:: BRIEF ::
With the pictures left out, copy the records below exactly from the first line down to the line holding "Natuzzi Leather Corner", and include that line.

:: MATERIAL SHOWN ::

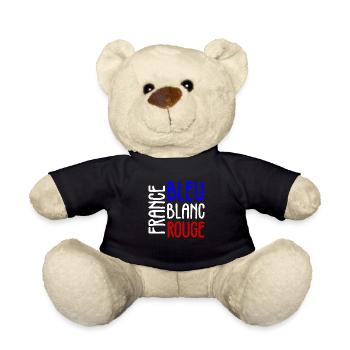 France bleu blanc rouge drapeau national - Nounours - noir - Devant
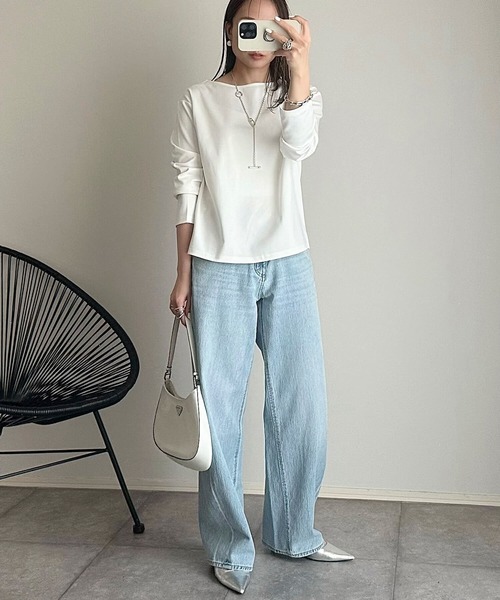 andme(アンドミー)の「【新色追加】きれいめポンチ長袖クルーネックトップス(Tシャツ/カットソー・レディース・ネイビー/ホワイト/ブラック/ベージュ/ライトブラウン/グレー系その他/グレー系その他2/ミント/グレー系その他3/ホワイト×ブラック/ブラウン・L/M)」の18枚目の写真
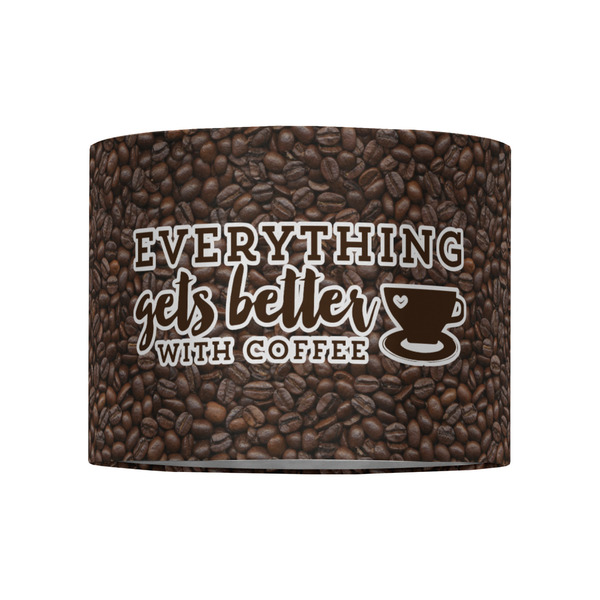 Coffee Addict 8" Drum Lampshade - FRONT (Fabric)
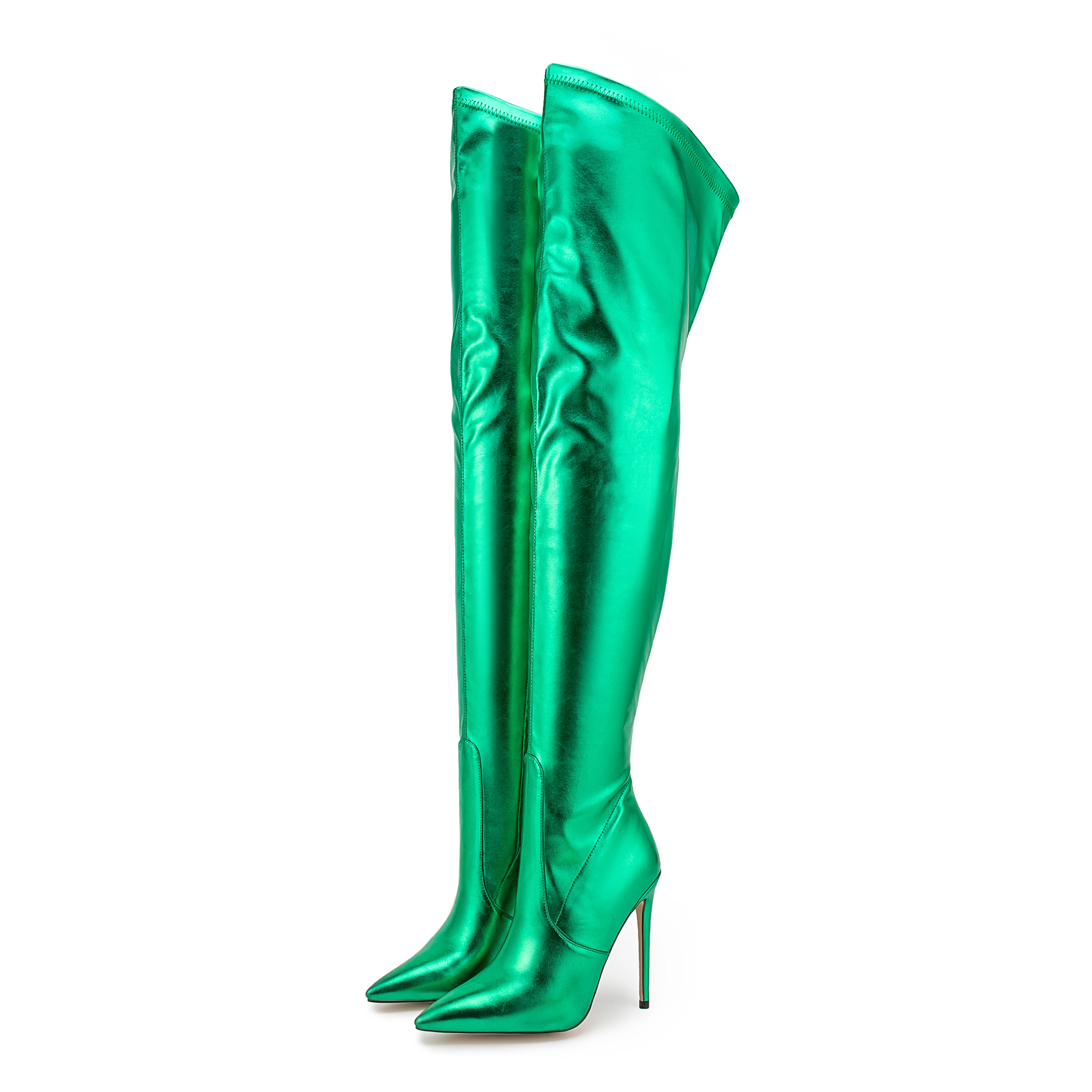 

Arden Furtado 2024 Winter Woman's Patent Leather Thigh high boots Pointed toe Side zipper Super high heel Modern boots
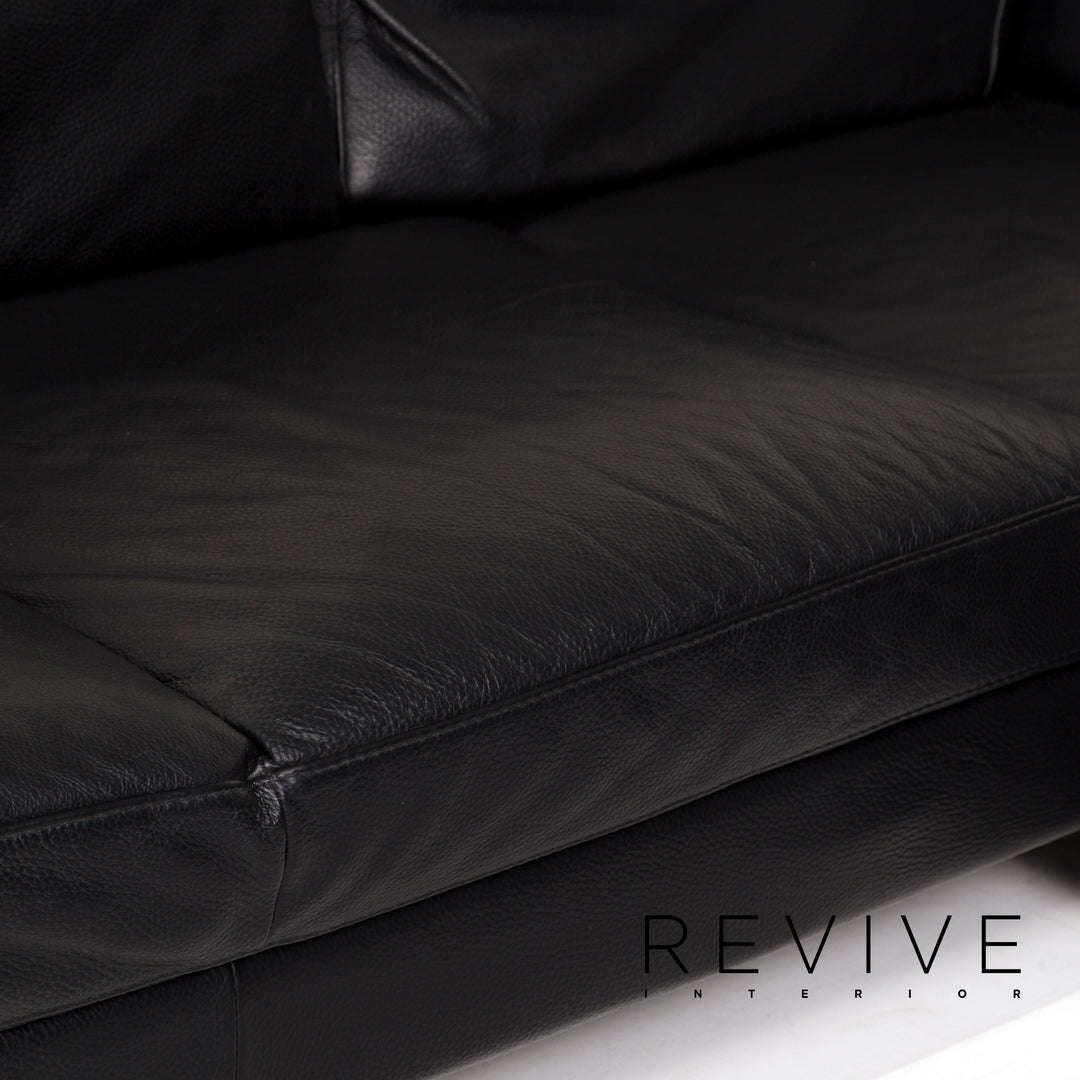 Natuzzi Leather Corner Sofa Black Sofa Couch #12849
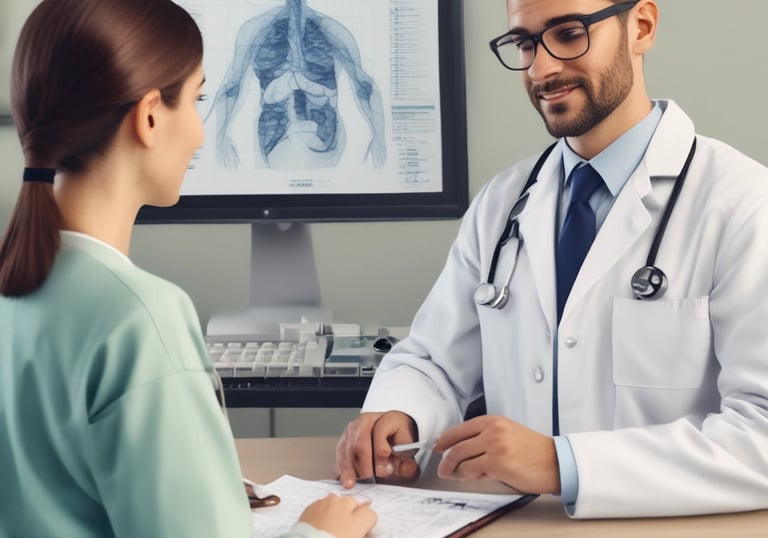 The image depicts a clean and modern hospital room featuring a hospital bed with advanced monitoring equipment attached. The room is well-lit with ceiling lights and has a large window with blinds, allowing natural light to enter. The floors are made of polished wood, and there are neutral-colored walls. Medical equipment and a computer monitor are suspended above the bed, contributing to the sterile and professional atmosphere of the room.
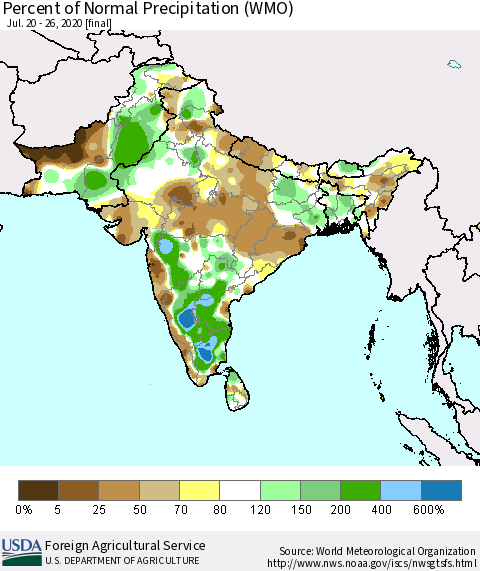 Southern Asia Percent of Normal Precipitation (WMO) Thematic Map For 7/20/2020 - 7/26/2020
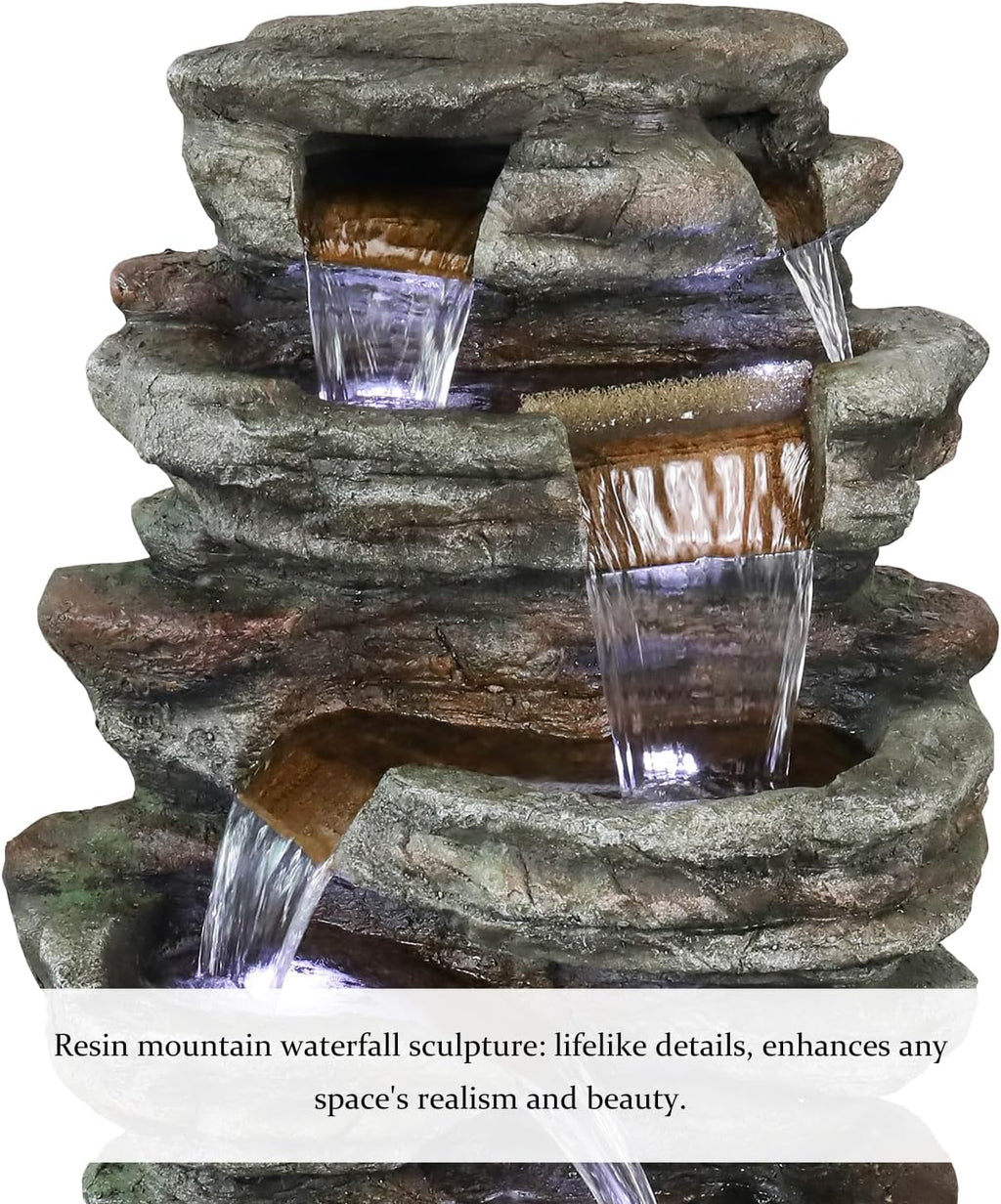 SunJet 48' High 7-Tiers Cascading Rock Outdoor Water Fountain with LED Lights - Large Outdoor Fountains and Waterfalls for Garden or Patio, Yard, and Deck Decor, Featuring Natural Stone Look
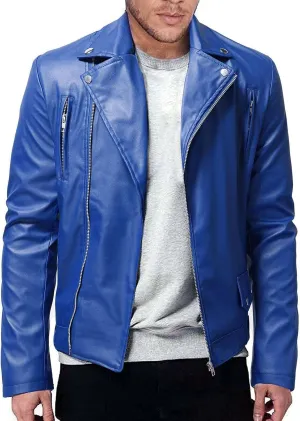 Men's Faux Leather Jacket Solid Color Notched Lapel Zipper Pocket Thermal Winter Fashion Casual Silm Fit Biker Jacket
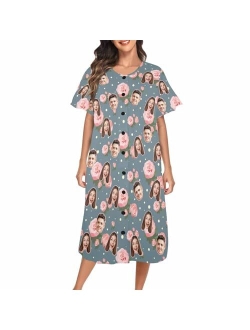 Artsadd Personalized Womens Nightgown Custom Face Pajamas Customized Photo Sleepwear Sleepshirt Nightdress Housecoat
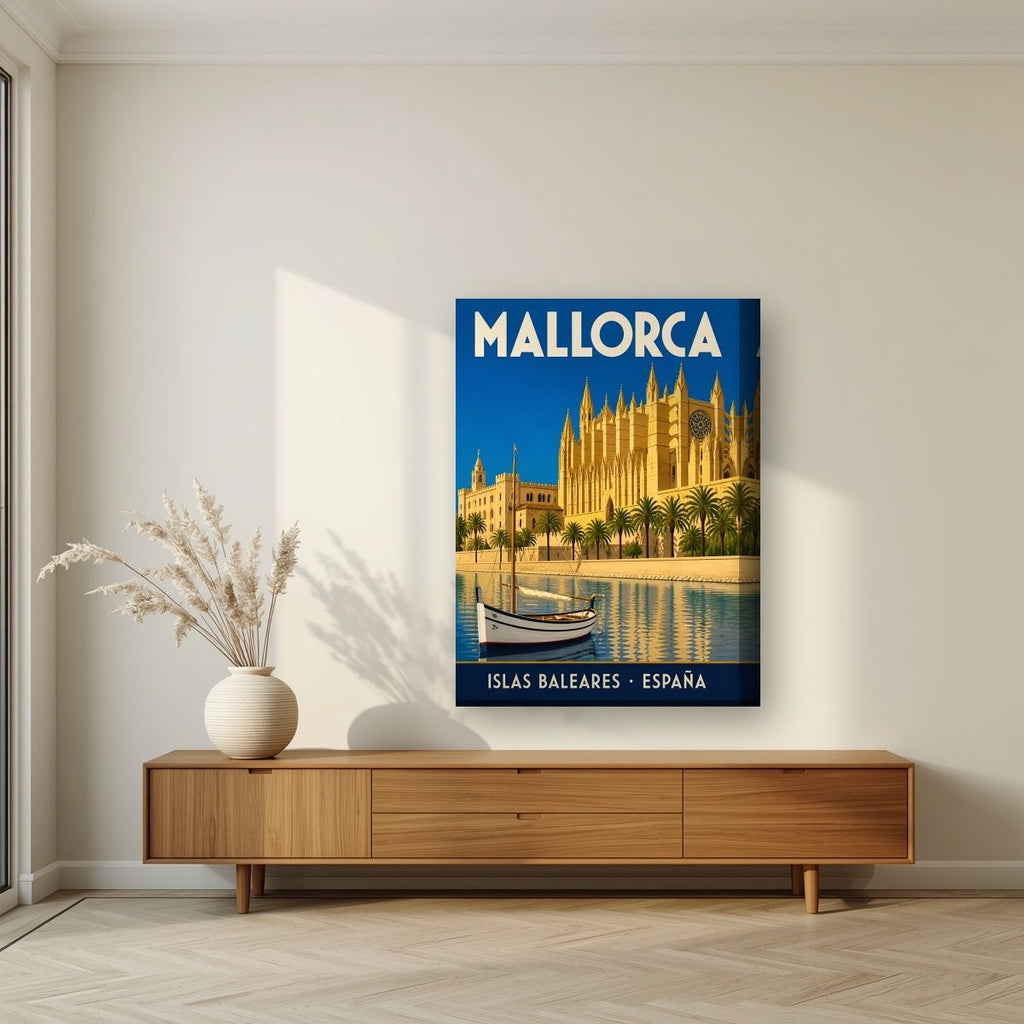 La Seu — Mallorca art print, on thick canvas, styled in a living room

:: TASK OUTPUT ::
 France bleu blanc rouge drapeau national - Nounours - noir - Devant
 andme(アンドミー)の「【新色追加】きれいめポンチ長袖クルーネックトップス(Tシャツ/カットソー・レディース・ネイビー/ホワイト/ブラック/ベージュ/ライトブラウン/グレー系その他/グレー系その他2/ミント/グレー系その他3/ホワイト×ブラック/ブラウン・L/M)」の18枚目の写真
 Coffee Addict 8" Drum Lampshade - FRONT (Fabric)

Arden Furtado 2024 Winter Woman's Patent Leather Thigh high boots Pointed toe Side zipper Super high heel Modern boots
 Natuzzi Leather Corner Sofa Black Sofa Couch #12849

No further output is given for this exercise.